By Lynn Arditi
Journal staff writer
PROVIDENCE — President Trump’s proposal to slash more than $600 billion over 10 years from Medicaid would cut deep into the government health program for low-income people that insures nearly one-third of Rhode Island residents.
Hospital officials and health care analysts said Tuesday it’s too soon to quantify the impact of the proposed cuts on Rhode Island. But the direction of the latest plan, they say, is painfully clear.
The impact is “almost unfathomable,″ said Dr. James E. Fanale, chief clinical officer for Care New England, the state’s second-largest health system. It would mean “going backwards″ to a time when “the number of uninsured increases, the access to care decreases and the quality of care suffers.”
Medicaid insures close to 300,000 Rhode Islanders, including about 70,000 adults who gained coverage through an expansion option that state adopted under the Affordable Care Act, known as Obamacare. Rhode Island’s expansion of Medicaid, coupled with another 30,000 residents who purchased coverage on the state exchange, have helped reduced the state uninsured rate by nearly two-thirds, to about 4 percent from close to 12 percent prior to Obamacare.

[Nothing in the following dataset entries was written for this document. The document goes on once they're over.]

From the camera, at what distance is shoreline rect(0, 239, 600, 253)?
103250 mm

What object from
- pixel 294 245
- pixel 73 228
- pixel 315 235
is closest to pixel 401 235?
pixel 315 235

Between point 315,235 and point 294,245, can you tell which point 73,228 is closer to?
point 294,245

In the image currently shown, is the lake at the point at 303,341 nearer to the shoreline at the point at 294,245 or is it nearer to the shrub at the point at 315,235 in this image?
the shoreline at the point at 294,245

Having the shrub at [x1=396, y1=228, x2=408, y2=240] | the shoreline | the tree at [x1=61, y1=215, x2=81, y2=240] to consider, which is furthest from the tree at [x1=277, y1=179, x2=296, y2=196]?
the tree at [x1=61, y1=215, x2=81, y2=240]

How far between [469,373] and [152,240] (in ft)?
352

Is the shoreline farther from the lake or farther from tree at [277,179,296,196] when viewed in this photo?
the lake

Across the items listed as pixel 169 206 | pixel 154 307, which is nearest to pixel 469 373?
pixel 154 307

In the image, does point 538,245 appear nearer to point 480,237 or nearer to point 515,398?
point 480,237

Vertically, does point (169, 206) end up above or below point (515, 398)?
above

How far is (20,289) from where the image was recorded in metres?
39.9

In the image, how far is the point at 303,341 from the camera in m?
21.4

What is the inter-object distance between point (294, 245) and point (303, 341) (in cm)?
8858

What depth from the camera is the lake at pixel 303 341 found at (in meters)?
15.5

The prospect of more uninsured patients worries hospital officials. Lifespan, the state’s largest health system, reports that its charity or so-called uncompensated care has fallen by more than half during the last five years. “Clearly, the sheer size of the proposed Medicaid cuts … would be detrimental to health care here and throughout the nation and in addition a hardship for hospitals and other health care providers,″ David Levesque, a spokesman for Lifespan, said in an e-mail.

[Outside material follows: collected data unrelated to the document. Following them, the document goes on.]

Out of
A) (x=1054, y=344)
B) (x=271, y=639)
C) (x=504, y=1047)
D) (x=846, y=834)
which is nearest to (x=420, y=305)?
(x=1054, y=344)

The president’s budget would cut Medicaid by capping payments to states; governors would have more flexibility to manage their Medicaid rolls. The funding change is projected to cut $627 billion over 10 years.
Those cuts would impact Medicaid services for the 155,000 children, parents, pregnant women; 19,000 seniors; 32,000 adults with disabilities and 12,000 children with special health care needs, said Linda Katz, policy director for the nonprofit Economic Progress Institute.